Readers are evenly divided over proposals for a new stadium at Civic, given the somewhat eye-watering cost of around half a billion dollars at least.
The ACT Government is exploring options for a replacement stadium and has identified Civic and EPIC as locations. A study by consultants Arup, commissioned by the government, found both proposals were achievable and found little to split them when it came to the eye-popping cost.
Both sites would cost north of half a billion dollars at current estimates – about $638m by 2027 and more than $700 million by 2032 – numbers that would require private sector involvement.
The study estimates it would take around six to seven years for construction at EPIC from business case to completion, with Civic taking slightly longer.
Some readers were not convinced of the value. “Can someone explain to me why we need either of these 2 locations to build another stadium? What happens to Bruce? Why do we need an “upgrade” and what has that got to do with the end of the current lease? Please stop spending taxpayers money on white elephants. We have people living on the streets in Canberra and you want to spend money on this????”, thegreggster asked.

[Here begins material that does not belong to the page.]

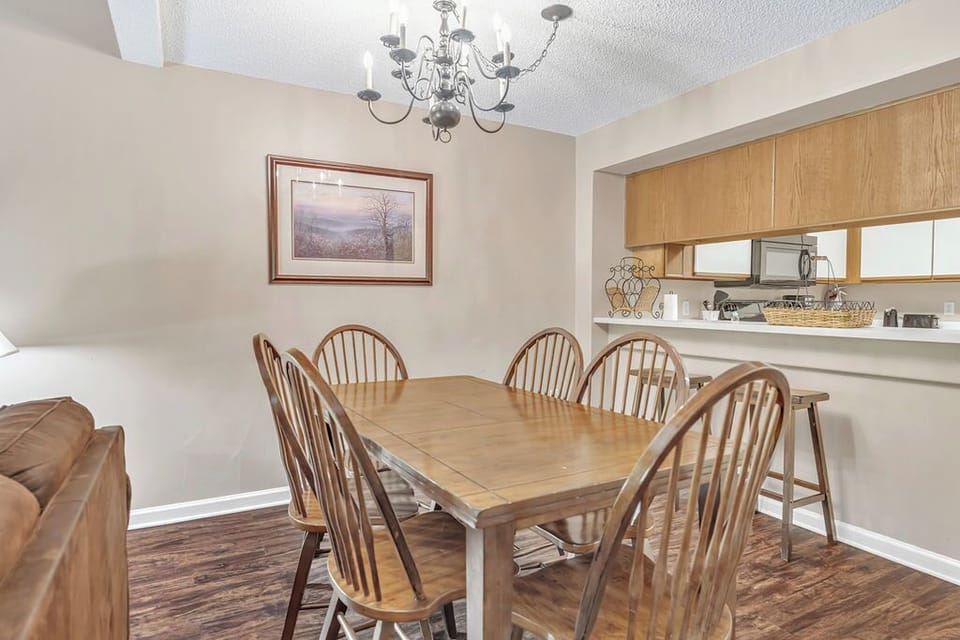 The pass through counter to the kitchen is very convenient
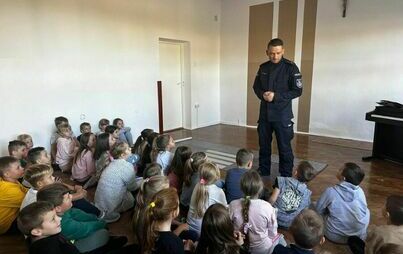 Zdjęcie do Bezpieczeństwo na drodze - spotkanie z policjantem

Samuel thought that we should “build it in the City Like a Lang Park style and the feeling of being on top of the Ground. Watch us Boom once again. Need it to Hold 45000 to 55000”, but Robauz commented that “What Canberra really needs is a recital hall. We have none suitable. All current venues are make-shift, small or unsuitable”.
We asked: Do we need a new Civic stadium at the cost of half a billion dollars? 1220 readers voted.

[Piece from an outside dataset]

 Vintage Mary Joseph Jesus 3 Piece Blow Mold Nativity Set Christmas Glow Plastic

You could choose to vote No, half a billion is a lot of money for what’s proposed. This received 616 votes, while the alternative, Yes, and we need to get on with it for major events received 604 votes, a near dead heat.

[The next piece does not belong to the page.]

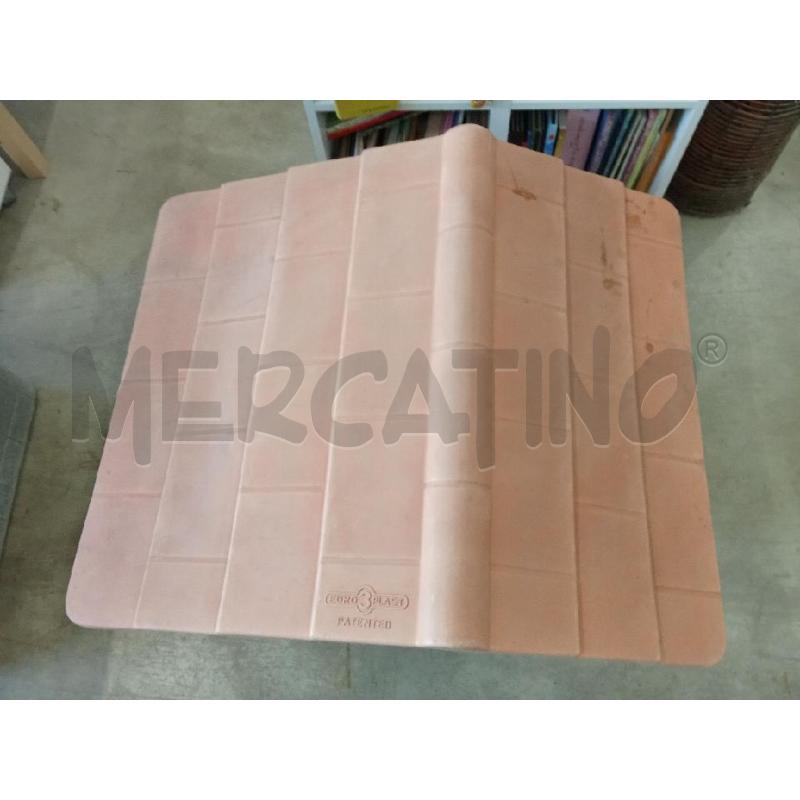 CUCCIA CANE PLASTICA TETTO EFFETTO MATTONE  | Mercatino dell'Usato San giorgio del sannio 2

This week, we’re wondering about the Canberra Citizen of the Year awards, which have been awarded to a group of people for the third year in a row.
This year all the Canberrans who have enacted the Territory’s public health response to the COVID-19 pandemic were jointly named the 2021 Canberra Citizen of the Year.
Last year it was all members of the ACT Emergency Services Agency and ACT Parks and Conservation Service for their response to the unprecedented bushfires during the Black Summer of 2019-2020.
In 2019, the University of Canberra Capitals team and their supporters got the nod for being the 2018-19 WNBL champions.
It’s not the first time this has happened: in 2010 Rotary Clubs were recognised as a whole, while in 2003 the entire community became citizens of the year after the bushfires. But does giving collective awards diminish their value?
“There is something anti-climactic and deflating for an award like this which is meant to be inspirational to be reduced to an exercise in collective consciousness or group-think,” Ian Bushnell wrote.
“Awards are made to honour and reward excellence in achievement to those who stand out from the rest, who have taken a path less trodden to give something of themselves that most of us won’t.”